START Stored data

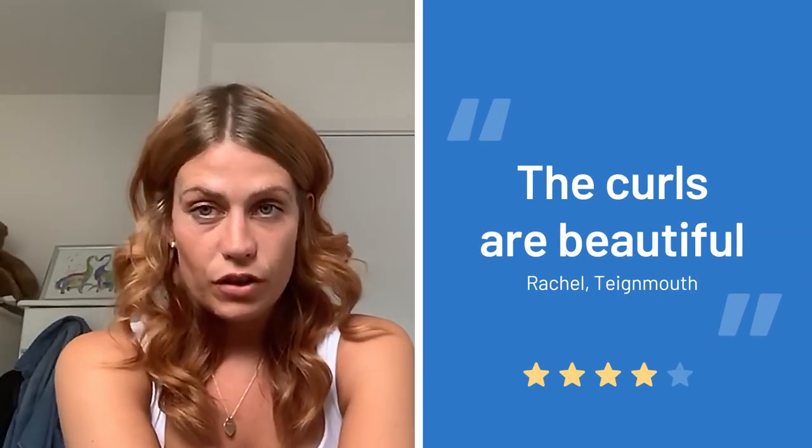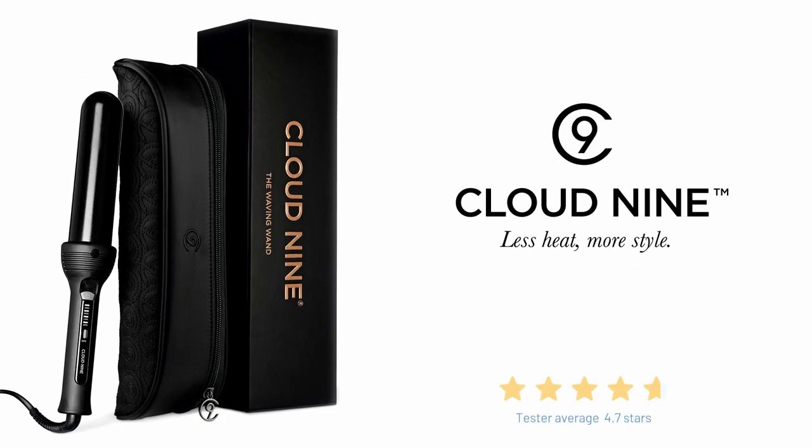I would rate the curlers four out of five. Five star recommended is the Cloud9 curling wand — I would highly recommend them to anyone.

END Stored data
START Stored data

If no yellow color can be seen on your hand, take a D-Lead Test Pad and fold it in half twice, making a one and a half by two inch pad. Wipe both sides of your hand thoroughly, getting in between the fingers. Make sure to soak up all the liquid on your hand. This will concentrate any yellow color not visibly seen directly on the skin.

END Stored data
START Stored data

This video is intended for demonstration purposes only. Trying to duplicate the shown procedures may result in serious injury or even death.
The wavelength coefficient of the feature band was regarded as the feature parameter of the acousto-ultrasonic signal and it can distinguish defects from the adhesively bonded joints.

END Stored data

Write down again, exactly as given, only the lines above that fall from the line with "This video is" to the line with "The wavelength coefficient", inclusive.

Reply:
This video is intended for demonstration purposes only. Trying to duplicate the shown procedures may result in serious injury or even death.
The wavelength coefficient of the feature band was regarded as the feature parameter of the acousto-ultrasonic signal and it can distinguish defects from the adhesively bonded joints.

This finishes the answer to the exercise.